The minimum of $\Delta(X)$ is at $p=p_0=6$: There is a sharp decrease in bias as useful covariates are added, and a slow increase with variance as the number of variables $p$ increases.

If $n$ is large, can split the data into two parts $(X',y')$ and $(X^*,y^*)$, say, and use one part to estimate the model, and the other to compute the prediction error; then choose the model that minimises \[\hat\Delta = \frac{1}{n'}(y'-X'\hat\beta^*)^T(y'-X'\hat\beta^*) = \frac{1}{n'}\sum_{j=1}^{n'}(y_j'-x_j'\hat\beta^*)^2.\] Usually the dataset is too small for this, so we often use leave-one-out cross-validation, which is the sum of squares \[ n\hat\Delta_\text{CV} = \text{CV}=\sum_{j=1}^n (y_j-x_j^T\hat\beta_{-j})^2,\] where $\hat\beta_{-j}$ is estimate computed without $(x_j,y_j)$. This seems to require $n$ fits of model, but in fact \[\text{CV} =\sum_{j=1}^n \frac{(y_j-x_j^T\hat\beta)^2}{(1-h_{jj})^2},\] where $h_{11},\ldots, h_{nn}$ are diagonal elements of $H$, and so can be obtained from one fit.

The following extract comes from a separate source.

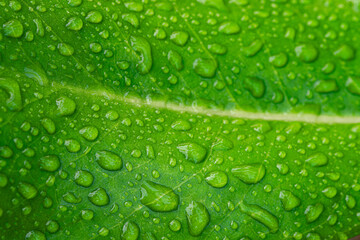 Close-up image of rain drops on green leaves.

A simpler (and often more stable) version uses generalised cross-validation, which is the sum of squares \[\text{GCV} =\sum_{j=1}^n \frac{(y_j-x_j^T\hat\beta)^2}{\{1-\tr(H)/n\}^2}.\]

Theorem 1.3 We have \[E(\text{GCV}) = {\mu^T(I-H)\mu/(1-p/n)^2} + n\sigma^2/(1-p/n)\approx n\Delta(X).\]

Proof. We need the expectation of $(y-X\hat\beta)^T(y-X\hat\beta),$ where $y-X\hat\beta = (I-H)y = (I-H)(\mu+\epsilon),$ and squaring up and noting that $E(\epsilon)=0$ gives \[E\left\{ (y-X\hat\beta)^T(y-X\hat\beta)\right\} = \mu^T(I-H)\mu + E\left\{\epsilon^T(I-H)\epsilon\right\} = \mu^T(I-H)\mu +(n-p)\sigma^2.\] Now note that $\tr(H)=p$ and divide by $(1-p/n)^2$ to give (almost) the required result, for which we need also $(1-p/n)^{-1} \approx 1+p/n$, for $p\ll n$.

We can minimise either $\text{GCV}$ or $\text{CV}$. Many variants of cross-validation exist. Typically we find that model chosen based on CV is somewhat unstable, and that GCV or $k$-fold cross-validation works better. A standard strategy is to split data into 10 roughly equal parts, predict for each part based on the other nine-tenths of the data, then find the model that minimises this estimate of prediction error.